Data block:
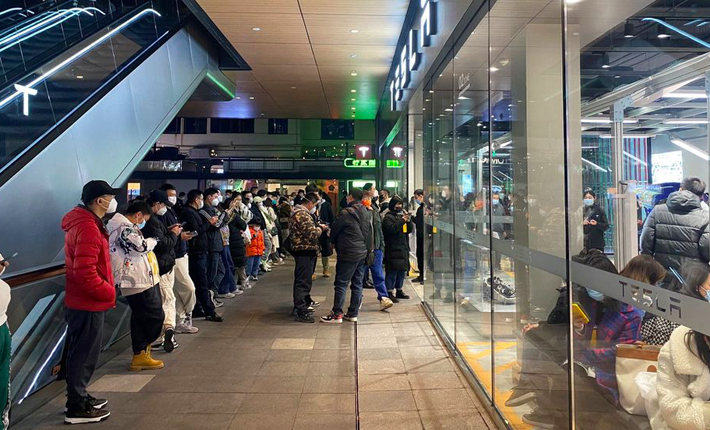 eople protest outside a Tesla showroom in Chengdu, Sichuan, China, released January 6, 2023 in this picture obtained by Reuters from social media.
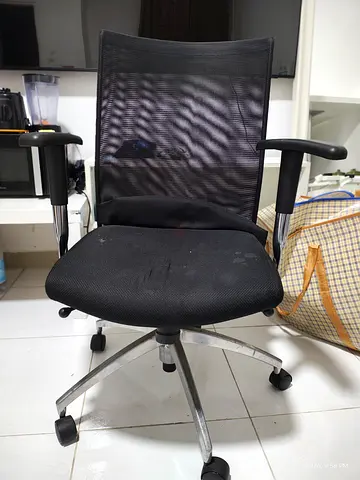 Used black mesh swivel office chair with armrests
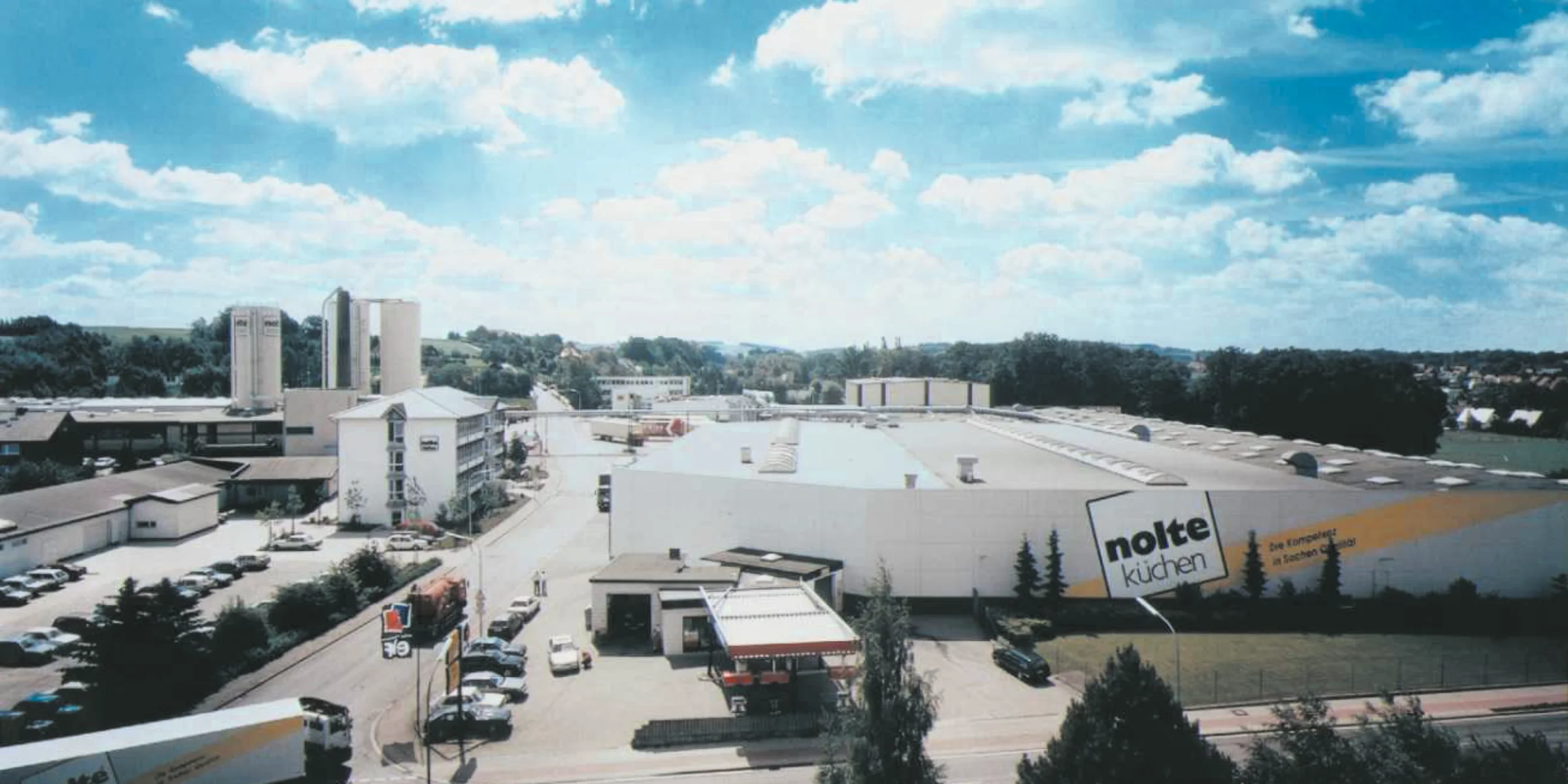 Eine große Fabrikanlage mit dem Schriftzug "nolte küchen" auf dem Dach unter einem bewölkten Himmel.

How to complete this task:
Without any of its pictures, the listing is to be repeated exactly as it stands.

Answer to this task:
 eople protest outside a Tesla showroom in Chengdu, Sichuan, China, released January 6, 2023 in this picture obtained by Reuters from social media.
 Used black mesh swivel office chair with armrests
 Eine große Fabrikanlage mit dem Schriftzug "nolte küchen" auf dem Dach unter einem bewölkten Himmel.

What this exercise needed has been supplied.